Exercise brief
Starting with the line that contains "NEW ORLEANS, LA, États-Unis" and ending with the last line of the entries, repeat exactly those lines and nothing else, pictures excluded.

Records supplied
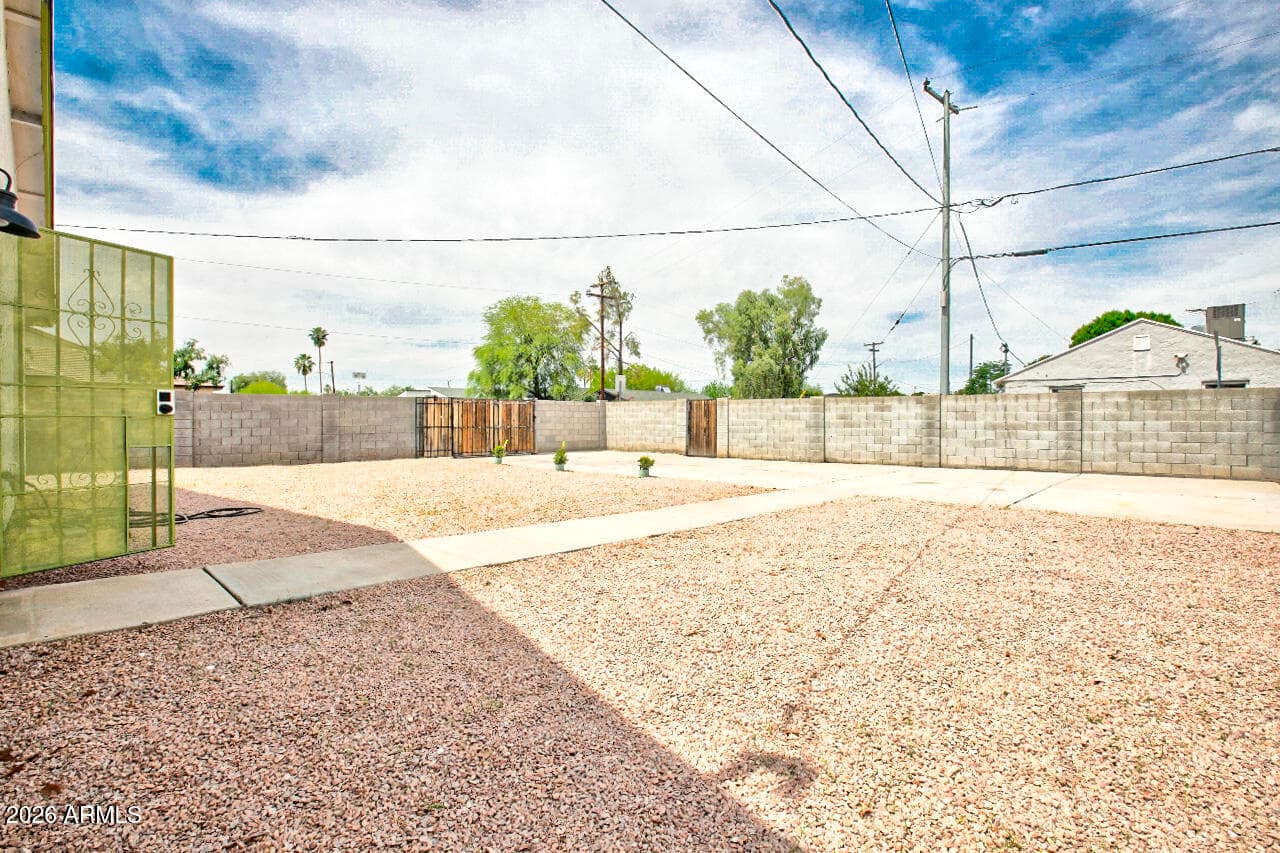 1502 E WHITTON Avenue, Phoenix, AZ 85014 — photo 20 of 23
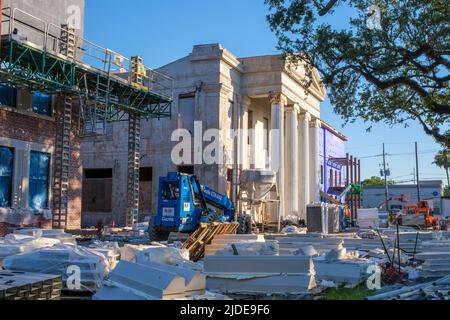 NEW ORLEANS, LA, États-Unis - 18 JUIN 2022 : nouveau site de construction et de rénovation d'un centre de vie senior sur South Carrollton Avenue Banque D'Images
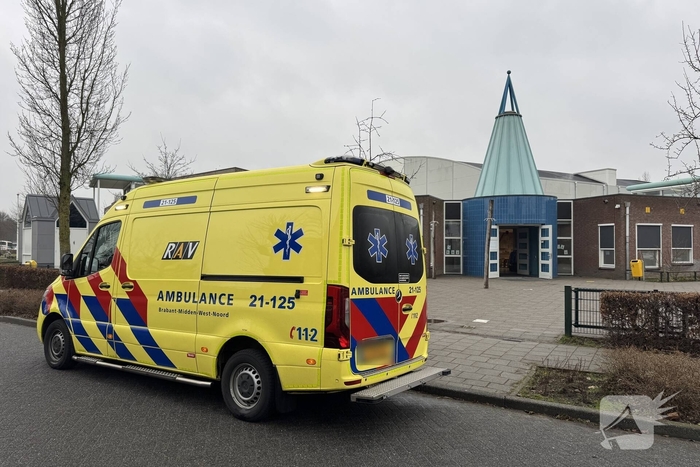 Kind valt van stoel op basisschool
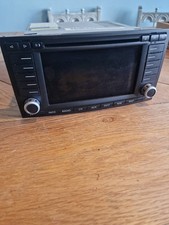 VOLKSWAGEN TOUAREG SAT NAV  CD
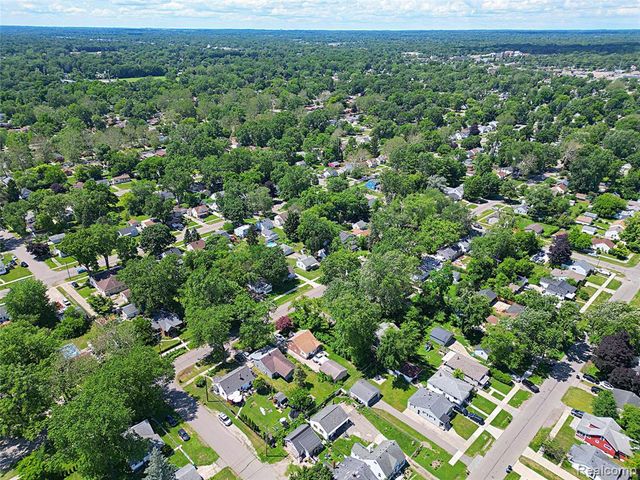 19192 Negaunee, Redford, MI 48240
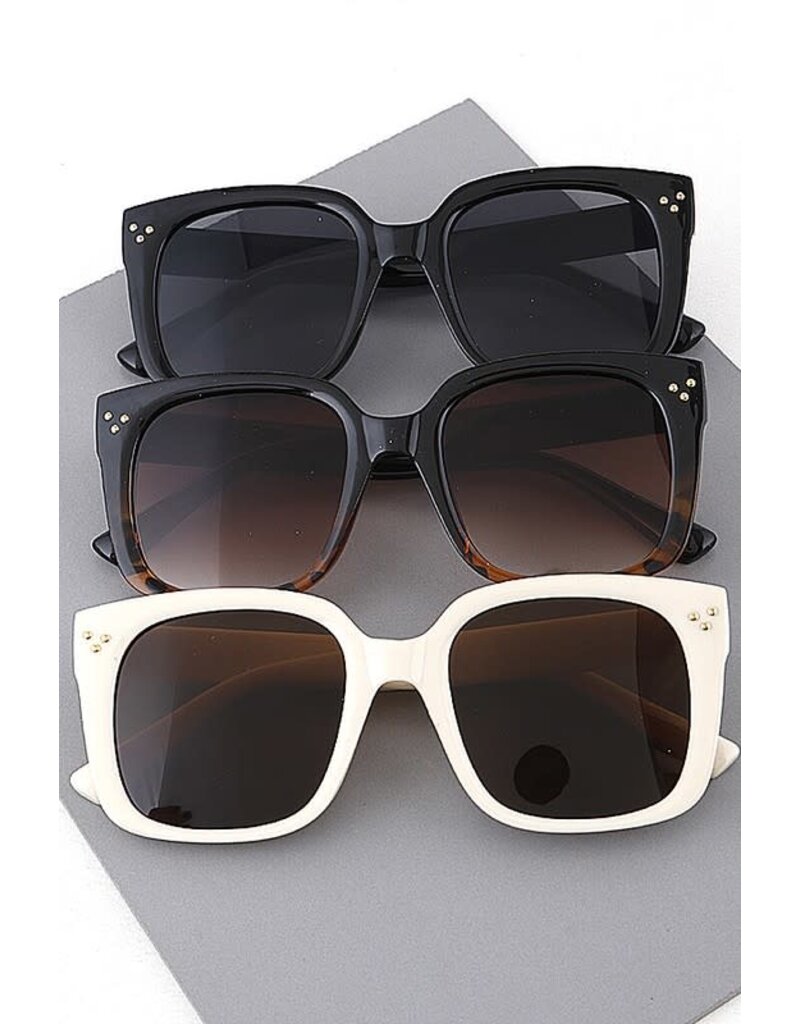 Square Sunglasses With Gold Deail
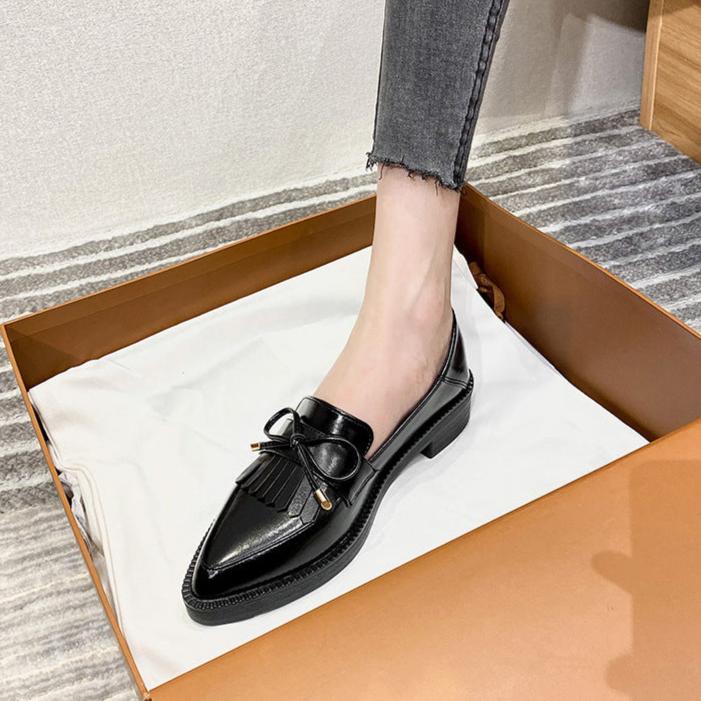 Women's Retro Pointed Shoes Thick Bottom Loafers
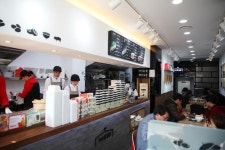 복합매장의 성공 비밀? ‘아딸&가마솥김밥’ 처럼!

Your response
 NEW ORLEANS, LA, États-Unis - 18 JUIN 2022 : nouveau site de construction et de rénovation d'un centre de vie senior sur South Carrollton Avenue Banque D'Images
 Kind valt van stoel op basisschool
 VOLKSWAGEN TOUAREG SAT NAV  CD
 19192 Negaunee, Redford, MI 48240
 Square Sunglasses With Gold Deail
 Women's Retro Pointed Shoes Thick Bottom Loafers
 복합매장의 성공 비밀? ‘아딸&가마솥김밥’ 처럼!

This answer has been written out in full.